Materials and methods


Different strains of mice were used according to their MHC antigen disparity: C3H/He (H-2k haplotype), BALB/c (H-2d haplotype), DBA/1 (H-2q haplotype), C57 BL/6 (H-2b haplotype), OF1 (outbred mice), FVB (H-2q haplotype), NOD (H-2g7 haplotype), SWISS (H-2q haplotype), B10-BR (H-2k haplotype), and KRN (H-2b haplotype). Mice were housed in our facilities and cared for according to the Laboratory Animal Care guidelines. Adult animals, aged 8 to 16 weeks, were used.

Cell culture

The murine C3H10T1/2 MSC line (C3 MSC) was grown in complete Dulbecco modified Eagle medium (DMEM; Sigma, l'Isle d'Abeau, France) supplemented with 10% fetal calf serum (FCS) (Hyclone, Perbio, Bezons, France), 2 mM glutamine, 100 U/mL penicillin, and 100 μg/mL streptomycin (Invitrogen, Cergy, France). The C9 MSC clone derives from the C3 MSCs and expresses the human bone morphogenetic protein 2 (hBMP-2) gene under control of the inducible promoter TetOff.14 C9 cells were cultured in complete DMEM in the presence of 1 μg/mL doxycycline (Sigma). B16 melanoma cells, kindly given by J. Papon (INSERM U484, Clermont-Ferrand, France), were cultured in complete DMEM. Human primary MSCs (hMSCs) were obtained from bone marrow aspirates and cultured at low density in minimum essential medium α (MEMα; Invitrogen) supplemented with 10% FCS, 2 mM glutamine, 100 U/mL penicillin, 100 μg/mL streptomycin, and 1 ng/mL basic fibroblast growth factor (bFGF; R&D Systems, Lille, France). Confluent hMSCs were passaged at least twice to ensure homogeneous cell populations depleted of monocytes and macrophages. Before use, hMSC populations were phenotyped by flow cytometry (cells were negative for CD34 and CD45 and positive for CD90, CD105, CD73, and CD44). Mouse primary MSCs (mMSCs) were obtained from bone marrow aspirates (P.T. et al, manuscript in preparation) and cultured in complete DMEM. Human peripheral blood mononuclear cells (PBMCs) were isolated from heparinized blood by centrifugation on a Ficoll-Hypaque cushion. Murine bone marrow-derived dendritic cells (BM-DCs) were propagated from DBA1 bone marrow progenitor cells for 7 days as described elsewhere.15 Maturation of BM-DCs was obtained by harvesting DCs at day 6 and culture for 24 hours in the presence of 2 μg/mL lipopolysaccharides (Sigma).

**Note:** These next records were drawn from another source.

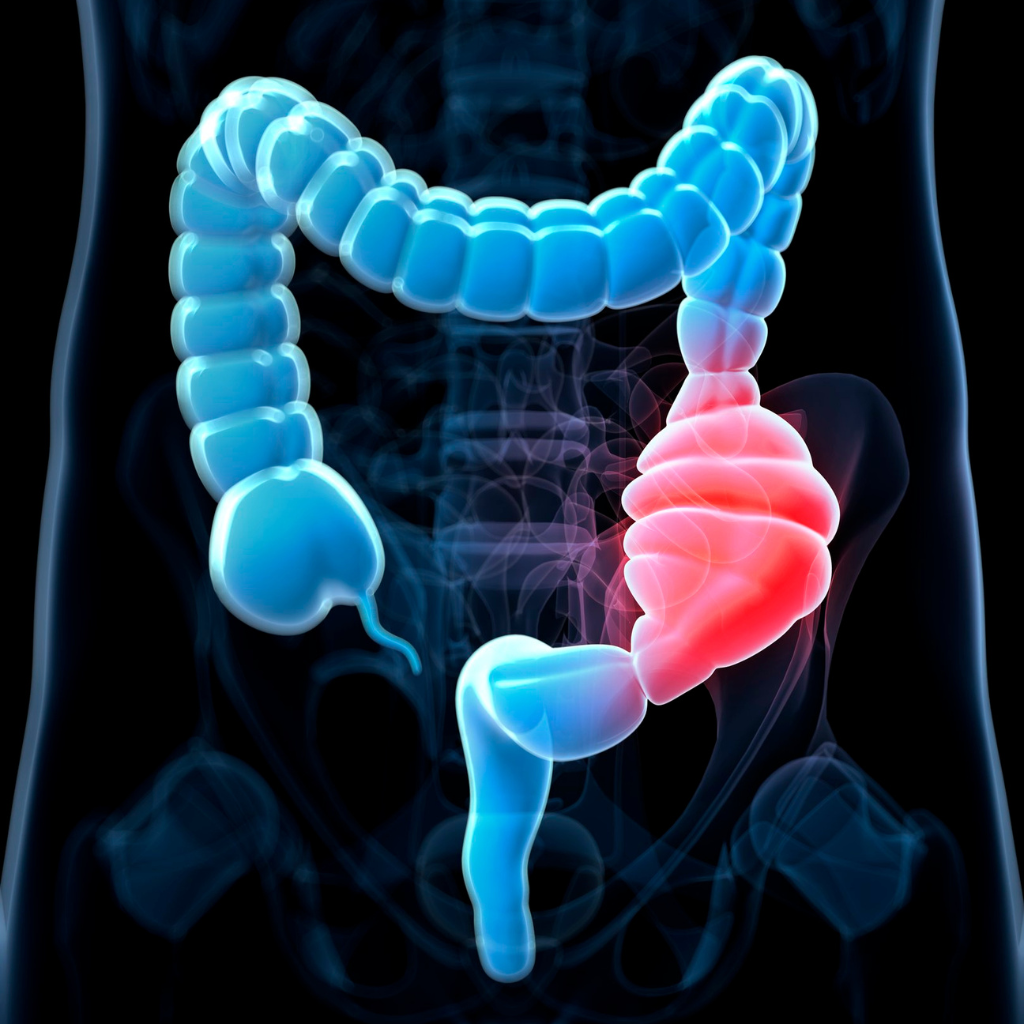 Food Nutrition and Balanced Diet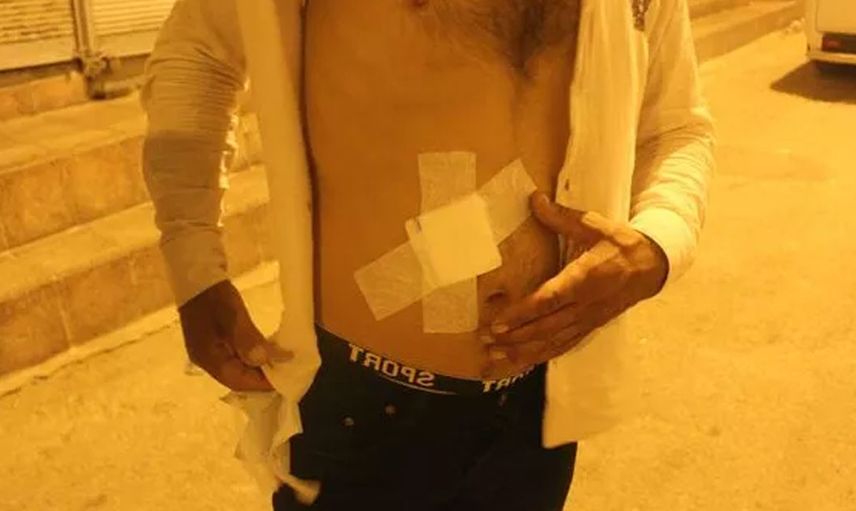 Gaziantep'te Evinin Damında Çay İçen Adam Saçmaların Hedefi Oldu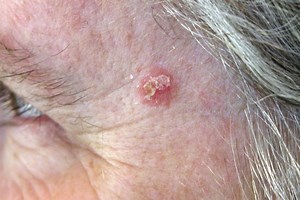 How to recognise actinic keratosis | Emergency Live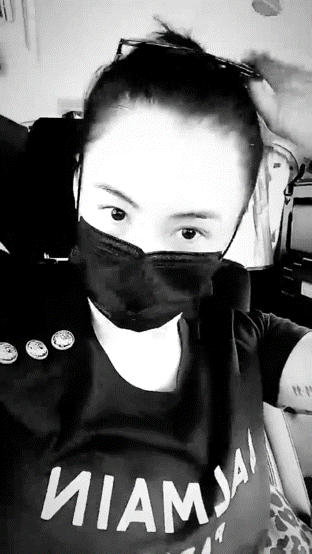 張柏芝被3歲小兒子抓傷臉部，傷口較長且深像刀疤一樣遮都遮不住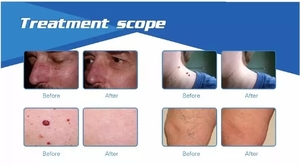 Máquina láser portátil de eliminación de vasos sanguíneos <span class=keywords><strong>vasculares</strong></span> de araña de 980nm, equipo de piel, máquina de belleza láser - Product Image 5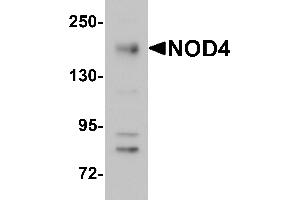 Western Blotting (WB) image for anti-NLR Family, CARD Domain Containing 5 (NLRC5) (N-Term) antibody (ABIN1031483) (NLRC5 antibody  (N-Term))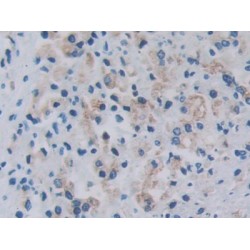 Arginine--tRNA Ligase, Cytoplasmic (RARS1) Antibody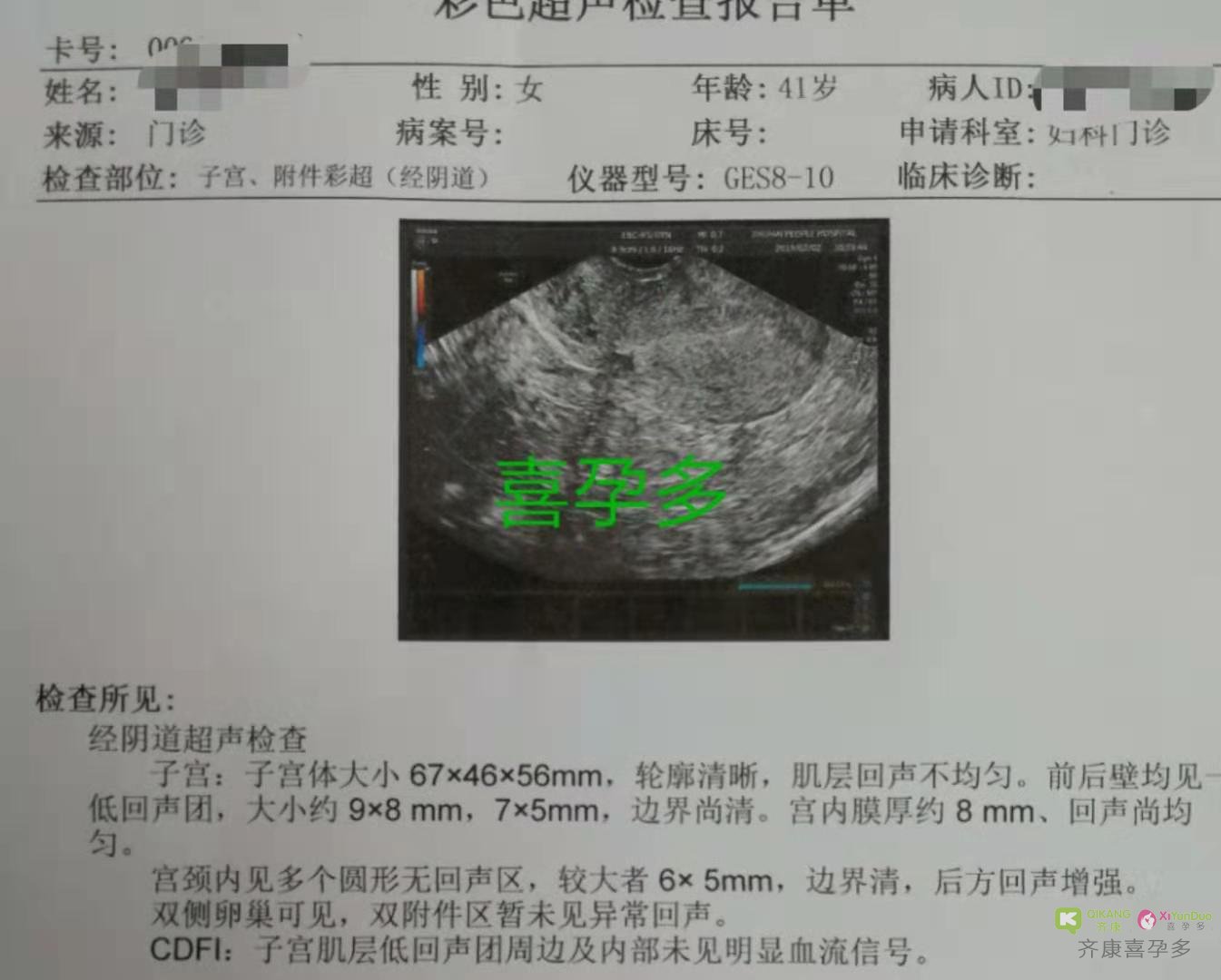 卵巢衰退 马来西亚供卵自怀双胞胎男宝成功——喜孕多金猪宝宝受孕实录记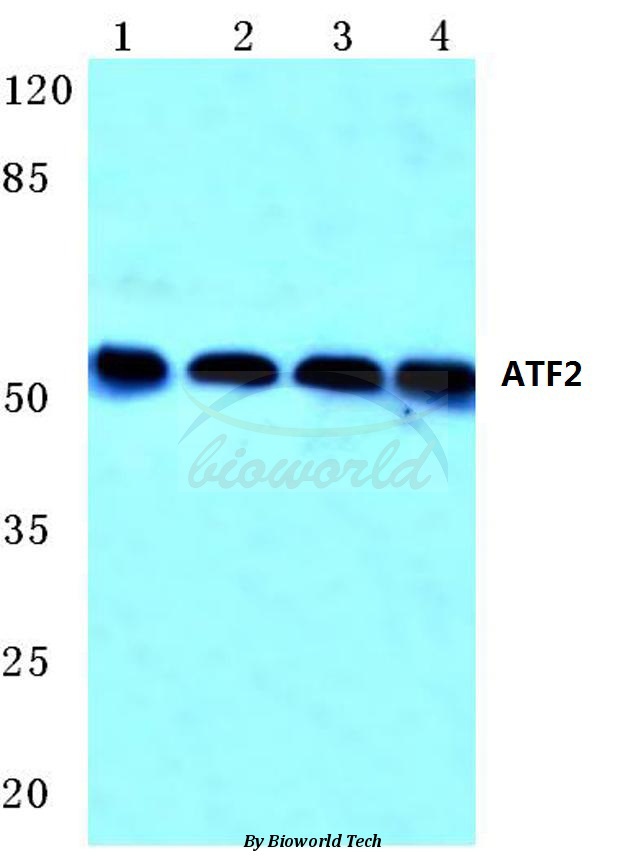 Anti-ATF2 (G56) Antibody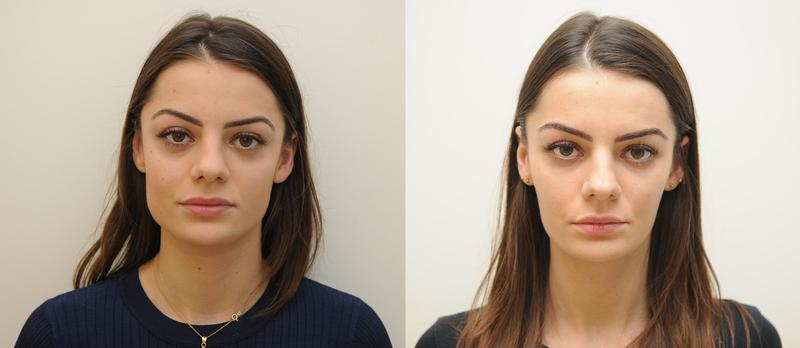 Skuteczne sposoby na schudnięcie z twarzy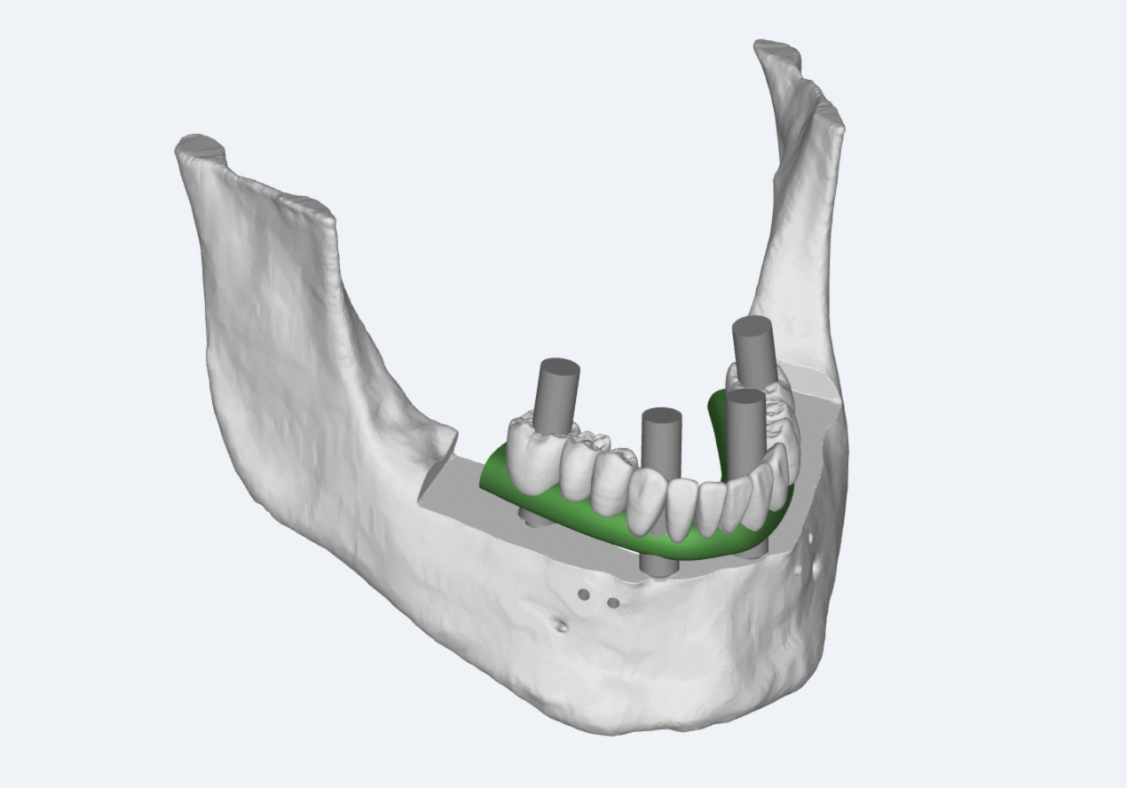 Absolute Dental landing page img.jpg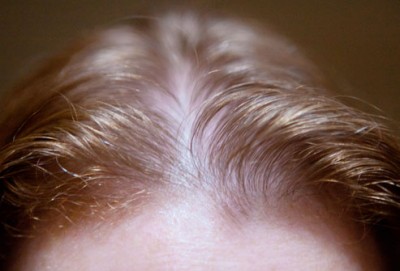 head hair 400x271 اعادة انبات الشعر بمقدمة الرأس للنساء
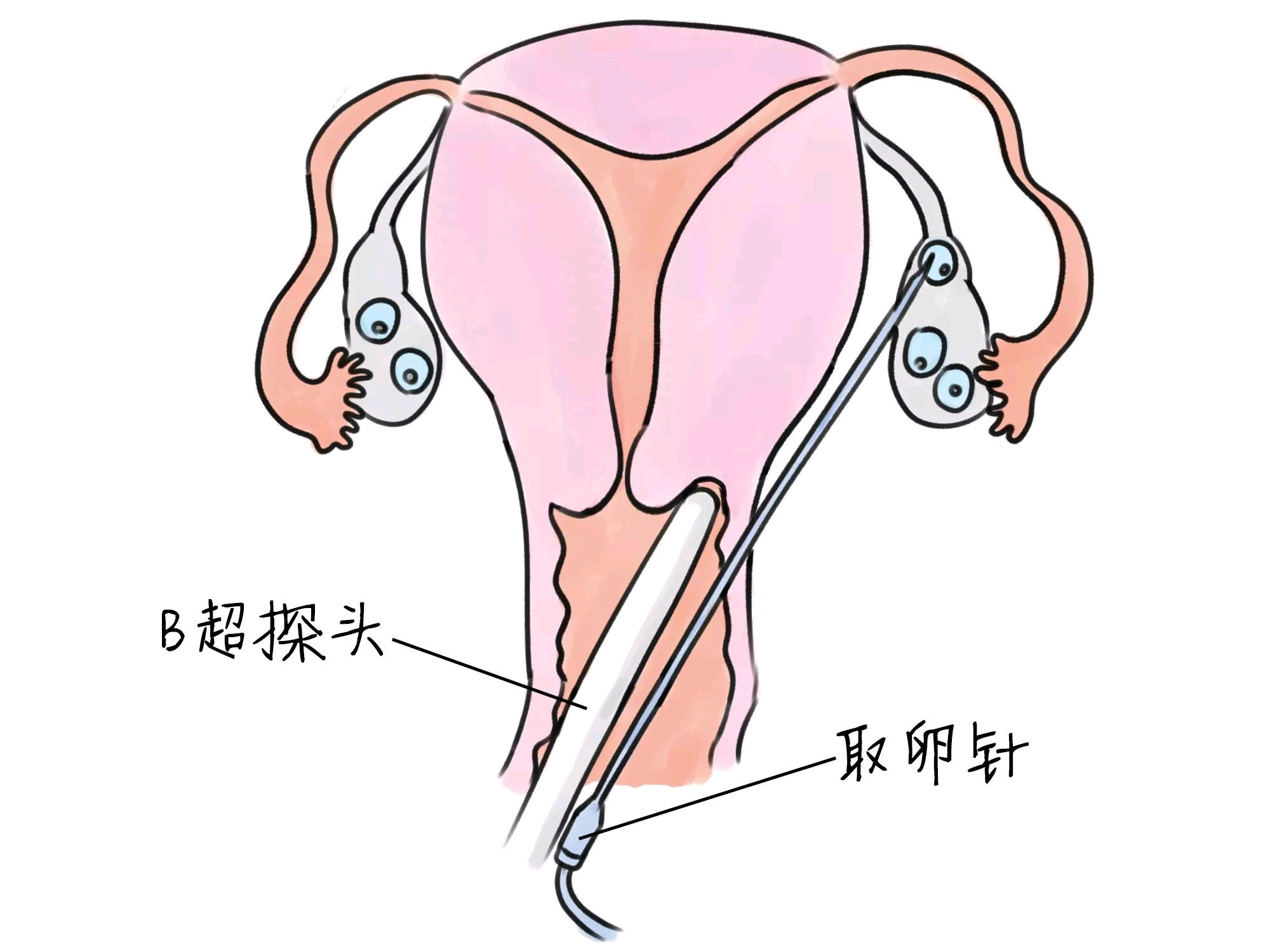 不孕不育代孕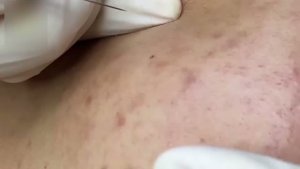 Удаление подкожных прыщей и чёрных точек
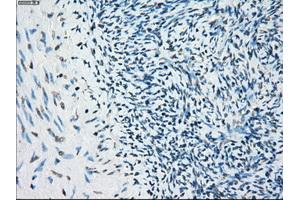 Immunohistochemistry (IHC) image for anti-Budding Uninhibited By Benzimidazoles 1 Homolog beta (Yeast) (BUB1B) antibody (ABIN1496996) (BUB1B anticorps)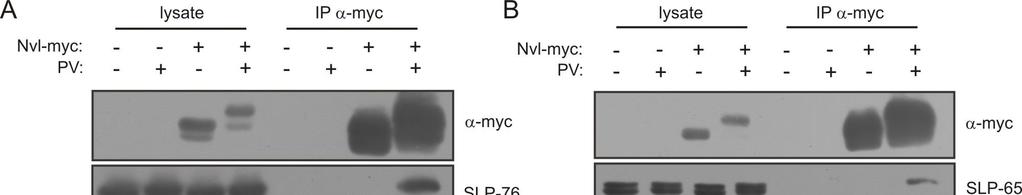 Interestingly, only the long form of SLP-65 was able to specifically associate with phosphorylated Nvl (Fig. 15B). Fig. 15 Proteins associated with phosphorylated form of Nvl A.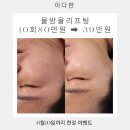 [진주 피부관리] 진주 하대동 아다한에서 물방울 리프팅 해본 솔직한 후기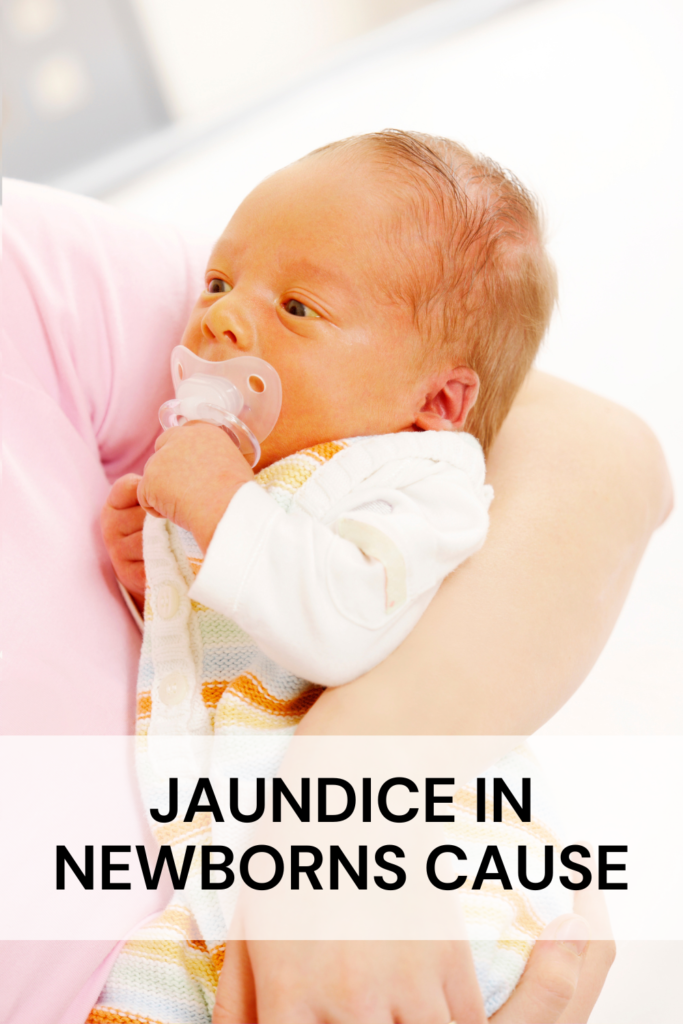 How to prevent jaundice in newborns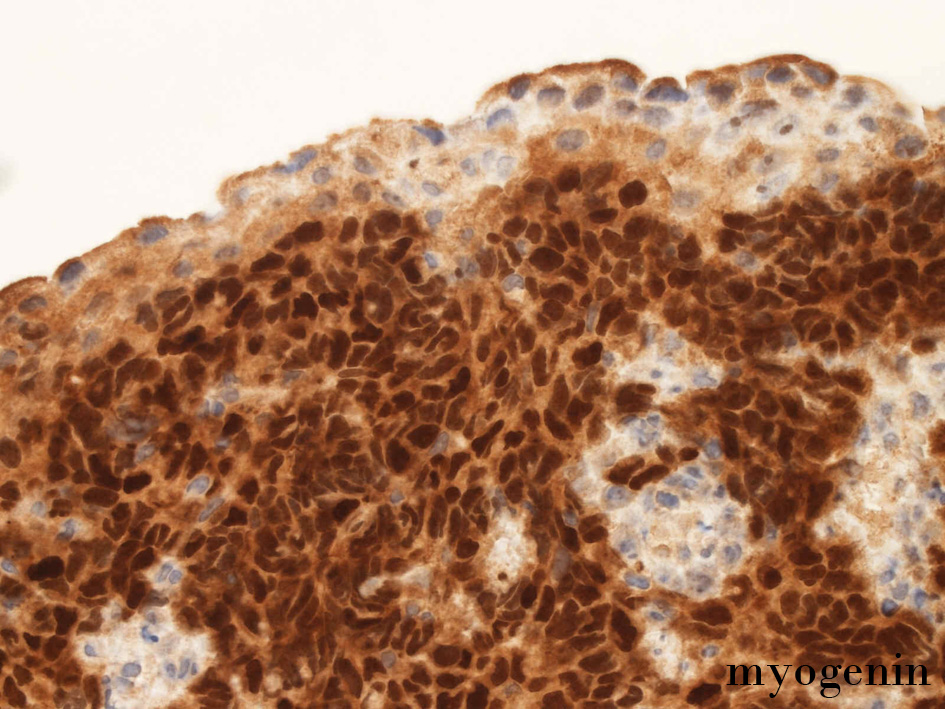 myogenin_01.jpg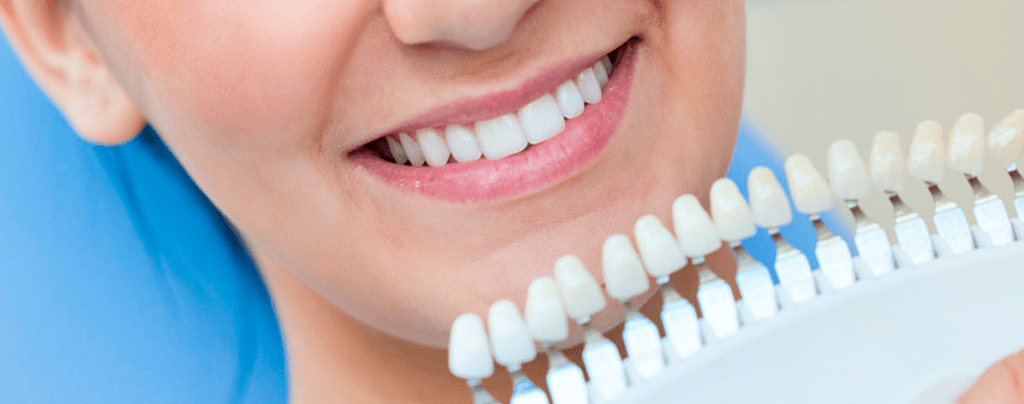 Mejora la higiene bucal con un blanqueamiento dental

Splenocytes were isolated from mouse spleen by disaggregation into 10 mL RPMI 1640 medium (Invitrogen). Erythrocytes were lysed with NH4Cl 0.84% and subsequently washed 3 times in RPMI 1640. Cell count and viability were assessed by trypan blue dye exclusion. Stimulator splenocytes (107 cells/mL) were treated with 50 μg/mL mitomycin C (Sigma) at 37°C for 45 minutes, followed by 5 extensive washes with FCS-containing RPMI 1640 medium. Responder splenocytes from BALB/c mice and stimulator splenocytes from different strains of mice were resuspended in RPMI 1640 containing 10% FCS (Hyclone), 2 mM glutamine, 100 U/mL penicillin, and 100 μg/mL streptomycin (Invitrogen), 0.1 mM nonessential amino acids, 1 mM sodium pyruvate, 20 mM HEPES (N-2-hydroxyethylpiperazine-N′-2-ethanesulfonic acid), and 5 × 10-5 M 2-mercaptoethanol (Invitrogen). Each responder and stimulator cell population was seeded in triplicate at a concentration of 105 cells/100 μL/well, in 96-well round-bottom plates (BD Biosciences, Le Pont de Claix, France). MSCs (105 cells unless otherwise mentioned) were added to the MLR to obtain a 300-μL final volume. In mitogen proliferative assays, responder splenocytes were incubated with 5 μg/mL concanavalin A (ConA; Sigma). In the experiments using transwell chambers, MLR conditions were identical except that splenocytes were physically separated from C3 MSCs by a high-density pore membrane (1-μm pore size; BD Biosciences). Conditioned supernatants of C3 MSCs cultured in the presence of splenocytes were recovered after a 4-day incubation period and submitted to filtration through a 0.22-μm filter. After 4 to 5 days of incubation, 1 μCi/well (0.037 MBq/well) 3H-thymidine was added overnight and thymidine incorporation was measured using a β-scintillation counter. The data are presented as the percent of the relative proliferative response (unless otherwise mentioned), corresponding to the mean counts per minute (cpm) of a responder-stimulator pair in the absence of MSCs and was attributed a 100% value. All experiments were performed at least 3 times.

Depletion of CD8+ cells

CD8+ cells were depleted from total mouse splenocytes by incubation with Dynabeads mouse CD8 according to the manufacturer's recommendations (Dynal, Oslo, Norway). Absence of CD8+ cells in recovered fractions was tested using a FACScan laser flow cytometry system (BD Biosciences) and estimated to be 1.42% ± 0.18% in the different experiments. Cell suspensions containing either CD8-depleted cells or CD8+ cells were then used in the MLR assays.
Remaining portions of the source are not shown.